Andere Betriebe wollen sich auf SN-Nachfrage nicht äußern. "Wenn du die Listung bei einem der großen Handelskonzerne verlierst, verlierst du ein Drittel des Marktes", betont Branchensprecher Schmiedbauer. Spar, Rewe und Hofer haben über 85 Prozent Marktanteil. Da gehe es schnell um nötige Auslastung des eigenen Werks. Bei Wiesbauer entfielen keine zehn Prozent der Produktion auf Handelsmarken, bei anderen deutlich mehr. Bei Rewe bestätigt man, dass es in den vergangenen Wochen "eine Reihe von Ausschreibungen im Wurstwarenbereich" gegeben habe. Das aber sei alltägliches Geschäft bei Artikeln, die eine bestimmte Umsatzschwelle überschreiten. "Im Rahmen dieser Ausschreibungen wird es zu keinen wesentlichen Verschiebungen im Verhältnis Lieferanten/eigene Werke kommen", heißt es in einer Stellungnahme.
Produziert werde die Marke Hofstädter sowohl von Herstellern und Lieferanten aus Österreich als auch von den eigenen Rewe-Fleischwerken. "Die Wertschöpfung bleibt sowohl in der Landwirtschaft als auch in der Produktion in Österreich", so Rewe. Aufträge ans Ausland vergebe man unter Hofstädter nicht.
Der Handel zählt längst selbst zu den großen Playern der heimischen Fleischindustrie. Auf 35.000 Quadratmetern produziert Rewe in dem 2019 eröffneten Fleischwerk in Eberstalzell (OÖ) Fleisch und Wurst. Daneben werden in Radstadt in Salzburg Wurstwaren und in Traiskirchen Fleisch- und Convenienceprodukte verarbeitet. Spar ist mit österreichweit sechs Tann-Werken laut eigenen Angaben größter Fleischverarbeiter und Wurstproduzent in Österreich.

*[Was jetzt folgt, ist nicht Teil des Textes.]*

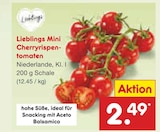 Lieblings Mini Cherryrispen-Tomaten im Angebot bei Netto Marken-Discount in Bremerhaven Lieblings Mini Cherryrispen-Tomaten Angebote bei Netto Marken-Discount Bremerhaven für 2,49 €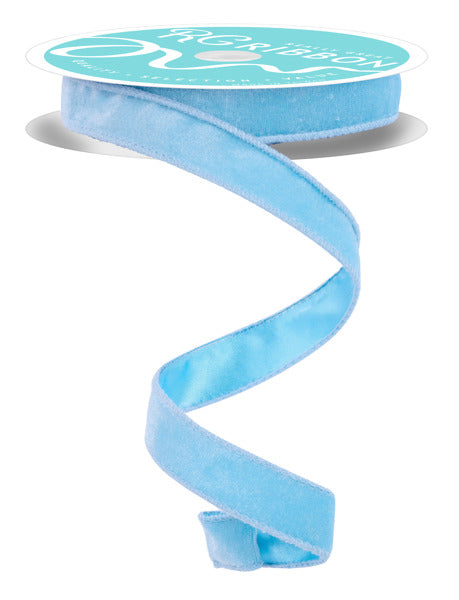 Ice Blue Deluxe Velvet/Satin Backing Ribbon - 10 Yards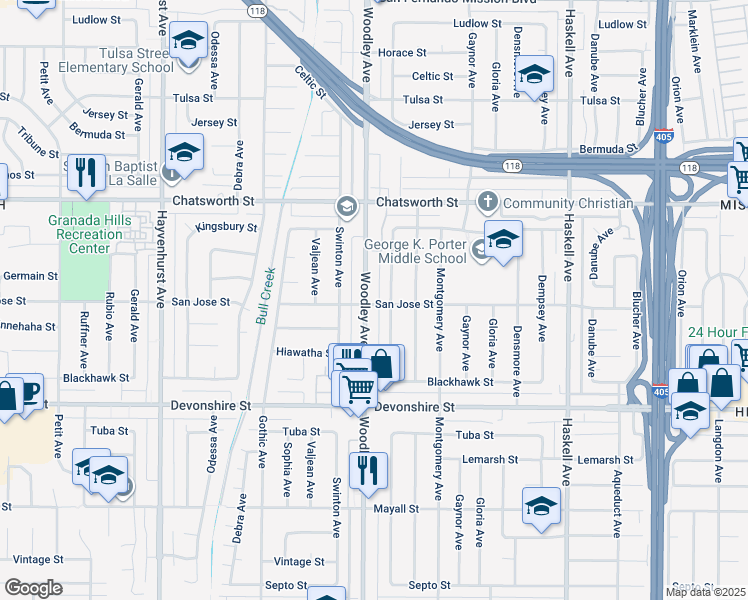map of restaurants, bars, coffee shops, grocery stores, and more near 10502 Woodley Avenue in Los Angeles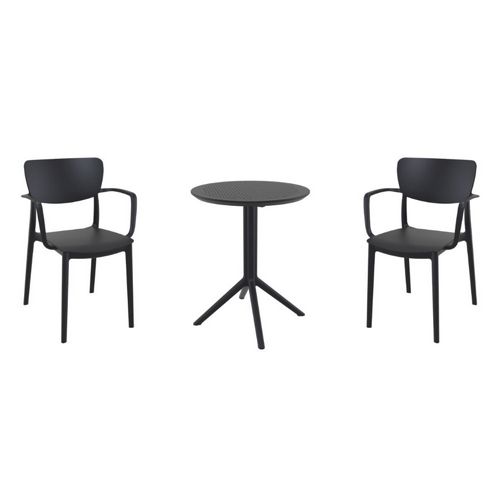 Lisa Bistro Set with Sky 24" Round Folding Table Black S126121-BLA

Heimische Fleischindustrie schreibt großteils Verluste
"Wenn man nicht auch die Gastronomie beliefert oder stark im Export ist, wird es für die heimische Fleischindustrie immer schwieriger", sagt Josef Domschitz vom Fachverband der Lebensmittelindustrie. Zwei Drittel der Betriebe der Fleischindustrie haben laut einer Umfrage der Wirtschaftskammer im Vorjahr Verluste geschrieben. Schon im Herbst des Vorjahres hat man sich, wie berichtet, in einem offenen Brief an den Handel gewandt. In einer "besonders dramatischen und existenzbedrohenden Weise" sei die Fleischindustrie von den rasant steigenden Kosten betroffen. Waren es zunächst steigende Kosten - von Energie über den Fleischpreis bis zu Verpackung und Transport -, so seien es zuletzt die stark gestiegenen Löhne, die die Hersteller belasten. "Preiserhöhungen konnten wir im Handel seit eineinhalb Jahren nicht durchbringen", heißt es in der Branche.
Und das in einem Markt, in dem der Fleischkonsum zurückgeht, meint auch Domschitz, nicht nur durch den Trend zu veganer und vegetarischer Ernährung. Auch der steigende Anteil der Bevölkerung mit Migrationshintergrund spiele da eine Rolle. "Schweinefleisch und damit Wurst ist für Muslime tabu."